Bash control flow using || on function, with set -e

Question

If I put set -e in a Bash script, the script will exit on future errors. I'm confused about how this works with functions. Consider the following, which will only print one to standard out:

set -e # Exit on error
fun(){
    echo one
    non_existing_command
    echo two
}
fun

Clearly, the non_existing_command is an error and so the script exits before the second echo. Usually one can use the or operator || to run another command if and only if the first command fails. That is, I would suspect the following to print out both one and three, but not two:

set -e # Exit on error
fun(){
    echo one
    non_existing_command
    echo two
}
fun || echo three

What I get however is one and two.

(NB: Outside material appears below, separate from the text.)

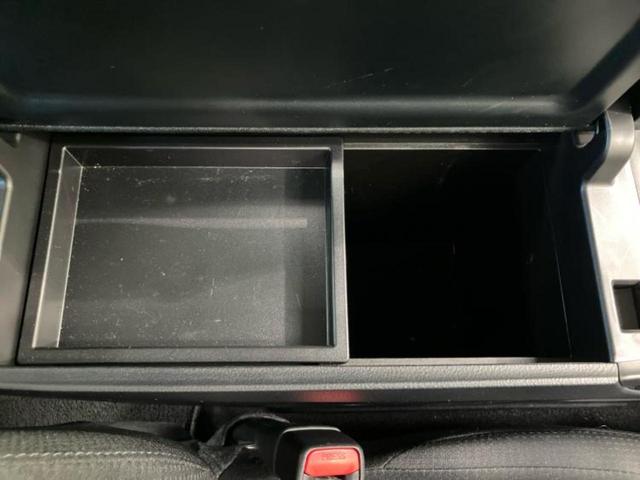 プリウス Ａ　純正　９インチ　ＳＤナビ／トヨタセーフティセンス／車線逸脱防止支援システム／パーキングアシスト　自動操舵／ドライブレコーダー　純正／ヘッドランプ　ＬＥＤ／Ｂｌｕｅｔｏｏｔｈ接続／ＥＴＣ２．０　ドラレコ（35枚目）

That is, the || operator prevents the exit (as it should) but it chooses to continue with the function body and disregard the right-hand command.

Any explanation?

Answer 1

It appears to be documented in the set builtin command

If a compound command or shell function executes in a context where -e is being ignored [such as on the left-hand of a ||], none of the commands executed within the compound command or function body will be affected by the -e setting, even if -e is set and a command returns a failure status.

Emphasis and comment are mine.

Also, if you try to set -e within the function, don't bother: the next sentence:

If a compound command or shell function sets -e while executing in a context where -e is ignored, that setting will not have any effect until the compound command or the command containing the function call completes.